Oh, and a note about donating vs. dumpstering: don’t sabotage yourself by trying to be perfect. It’s okay to throw stuff out. Yeah, the environment blah blah blah, but also YOU. YOU ARE IMPORTANT TOO. Your health and happiness and ability to function matter. If you need to just trash a dumpster load’s worth of stuff because donating it is too overwhelming, you go ahead and do it. Factory farms and strip mining and palm oil are the things we all need to be worrying about, not whether  throwing out broken coffee makers and 10 year old textbooks is okay. We threw out of LOT of Cayce’s stuff, and I feel totally fine about it. (I staged a little “merchandise” area in her alley next to the dumpster for the nicer stuff [DVD box sets etc] and everything routinely disappeared within a few hours, so that’s an option too.)

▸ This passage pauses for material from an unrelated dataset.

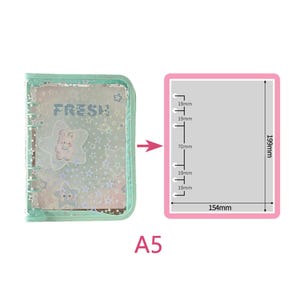 May include: A5 size planner with a mint green cover. The cover features the word "FRESH" and a cartoon bear in a star. The planner is 154mm wide and 199mm tall.
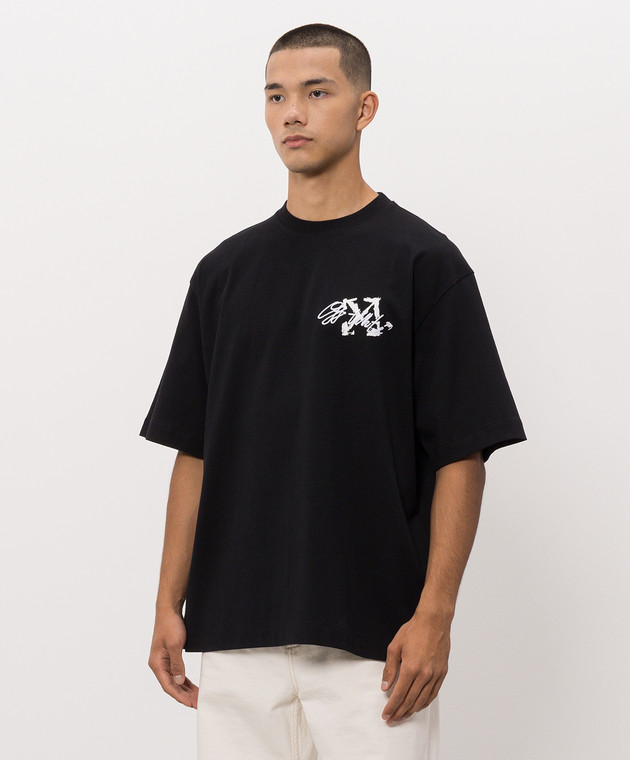 Off-White Черная футболка Stroke с вышивкой логотипа 44MAA120F26J00J изображение 3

If you’re following me on Instagram, you probably noticed that I’ve been picking up a LOT of furniture for Cayce. That’s because the furniture in her old apartment consisted of a bed, a dresser, a tiny desk, a folding card table, and EIGHT BOOKCASES. Two of the bookcases were 4×4 Expedit units–as a reminder, this is what one of them looked like:

The other one was honestly worse. (Can you spot the third Expedit sitting on top of the first one? Yeah that one was bad too. Also theres a whole other Expedit just out of the frame to the left. Now that I’m thinking about it she actually had 10 bookcases. That’s a whole lot of bookcases in one tiny studio apartment, guys.) Day 1 was devoted to just throwing away trash, and when I came back on day 2 she had sorted through and boxed up all of her books. I was a little nervous about exactly how thorough her editing process had been, but when I was unpacking her boxes the next week I discovered that she had absolutely fucking killed it. She went from two completely packed 4×4 Expedits to this:

I have honestly never been more proud.